I am reading about the Wronskian but I find a lot of conflicts in the theory, as you can see in the pictures below.

In some sources Wronskian includes the linear independent solutions and in others there are derivatives in it. What is happening?

Answer 1

I want to say that your slide is using a more general definition than one sees on Wikipedia etc. with the derivatives. That is, you can promote a function $f$ to a vector $$\mathbf f(t) = \begin{bmatrix}f(t)\\ \dot f(t) \\ \ddot f(t) \\ \dots\end{bmatrix}$$ to recover the usual idea of the Wronskian in the typical context; you would then find that you can encode a typical second-order ODE, for example $$\ddot x + 2 \lambda~\dot x + \omega^2 x = \alpha$$ as a first-order matrix ODE, $$\dot{\mathbf x} = \begin{bmatrix}\dot x\\\ddot x\end{bmatrix} = \begin{bmatrix}0&1\\-\omega^2&-2\lambda\end{bmatrix}\begin{bmatrix}x\\\dot x\end{bmatrix} + \begin{bmatrix}0\\\alpha\end{bmatrix} = \mathbf M \mathbf x + \mathbf b.$$

Wronskians of the second form you are talking about typically occur in these higher-order contexts; so you would have two solutions to this equation $x_{1,2}$ and you would consider the combination $W = x_1\dot x_2 - \dot x_1 x_2.$

But it seems likely that one could then prove Abel's identity more generally, that given $n$ functions which all obey this equation one might form the determinant $$W(\mathbf x_1, \mathbf x_2, \dots \mathbf x_n) = \begin{vmatrix} \uparrow&\uparrow&&\uparrow\\ \mathbf x_1 & \mathbf x_2 & \dots & \mathbf x_n\\ \downarrow&\downarrow&&\downarrow\end{vmatrix}$$ and then observe that $$ \dot W = \begin{vmatrix} \uparrow&\uparrow&&\uparrow\\ (\mathbf M \mathbf x_1 + \mathbf b) & \mathbf x_2 & \dots & \mathbf x_n\\\downarrow&\downarrow&&\downarrow\end{vmatrix} + \dots + \begin{vmatrix} \uparrow&\uparrow&&\uparrow\\ \mathbf x_1 & \mathbf x_2 & \dots & (\mathbf M \mathbf x_n + \mathbf b)\\\downarrow&\downarrow&&\downarrow\end{vmatrix}. $$ I do not know the full theory but if we assume that $\mathbf b = 0$ then a natural basis to do this in would be the one where $\mathbf M$ is diagonal, assuming it’s diagonalizable at all, and then it would be natural to solve the above ODE with $\mathbf x_1 \propto \hat e_1 = [1;0;0;\dots],$ and likewise for the rest.
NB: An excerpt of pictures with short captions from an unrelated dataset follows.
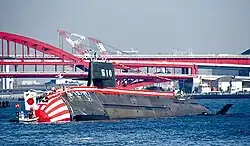 JS Shōryū being launched at Kobe on 1 December 2017.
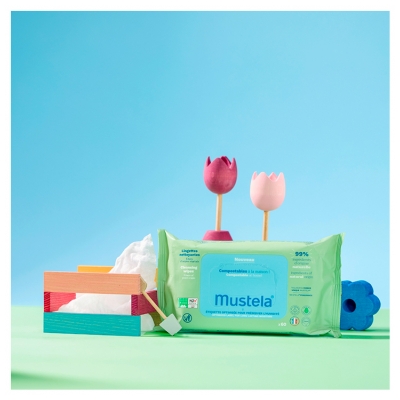 Mustela Lingettes Nettoyantes Compostables Parfumées x60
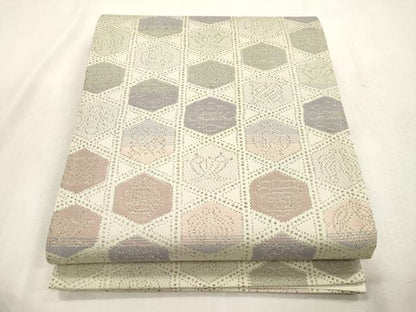 平和屋着物●六通柄袋帯　亀甲幾何学文　金糸　正絹　逸品　CABI7587dy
In that case it would seem to be the case that you would get something like $$\dot W = W~\operatorname{tr}\mathbf M.$$

In the “inhomogeneous” case where $\mathbf b \ne 0$ one typically finds the entire family of solutions by finding one single solution called a “particular solution” $\mathbf M \mathbf x_\text P = \mathbf b$ and then all other solutions to that equation have $$\mathbf M (\mathbf x - \mathbf x_\text P)= 0,$$ thus a solution-in-general is always the sum of a solution-in-general to the “homogeneous” equation $\mathbf M \mathbf x = 0$ plus one particular solution to the inhomogeneous equation. So you might not need to handle the inhomogeneous case for the purposes of using the Wronskian effectively, or it might not make sense there.
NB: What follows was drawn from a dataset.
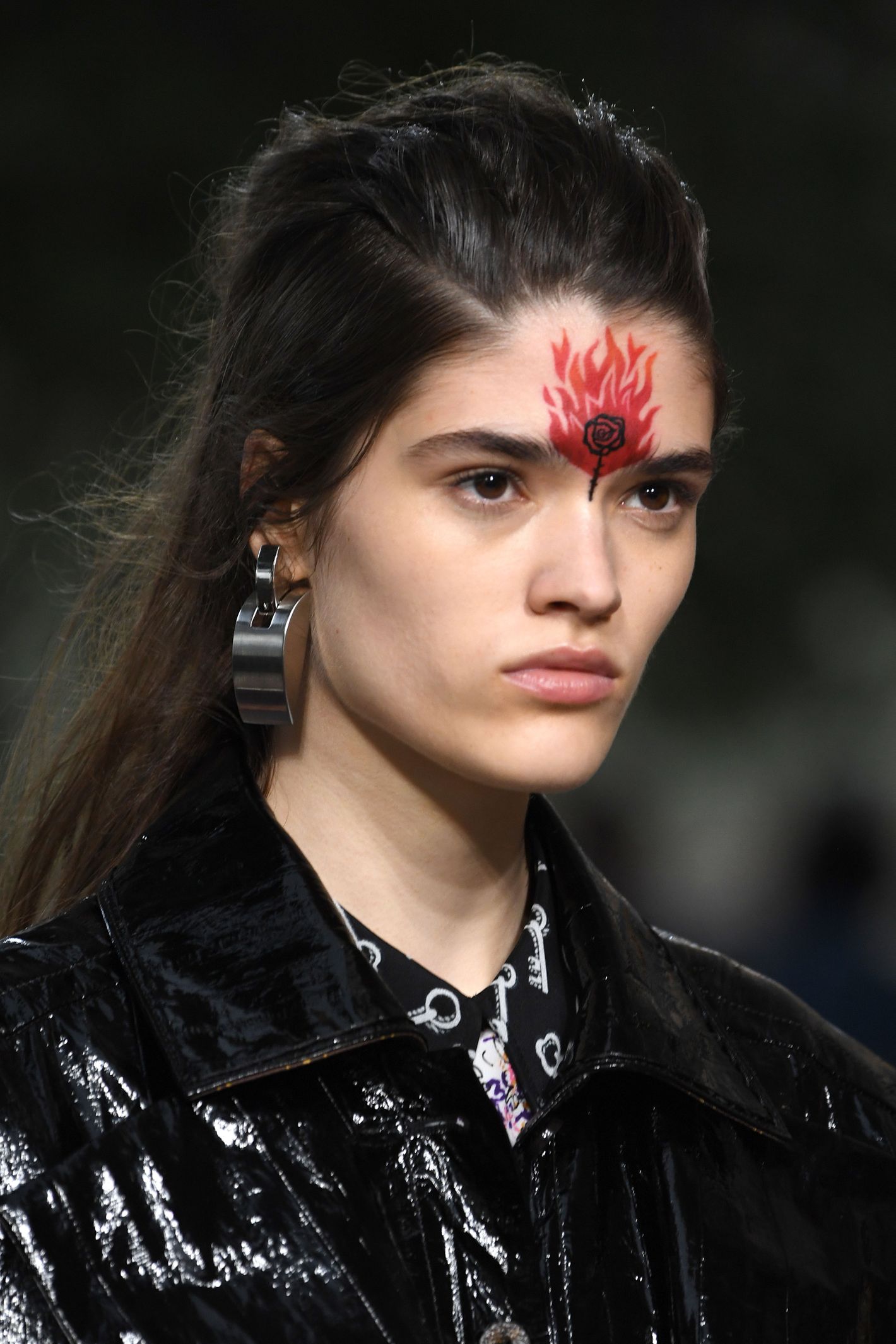 Pat McGrath Painted Flames on Models at Louis Vuitton Cruise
(I actually think that this is one of the few cases where the determinant will cleanly distribute over addition, I just can't see a reason why the sum of all of the $\mathbf b$-terms in the determinant would cancel out or form a nice pattern in the result. I suppose you could maybe say that $\mathbf b = \sum_i \beta_i\mathbf x_i$ and then get $\operatorname{tr}\mathbf M + \sum_i \beta_i$ for the resulting term? But one is usually solving for the Wronskian to try and find $\mathbf x_n$ given $\mathbf x_{1\dots n-1}$ and this approach would seem to leave some unknown $\beta_n$ in the expression for the Wronskian in that case.)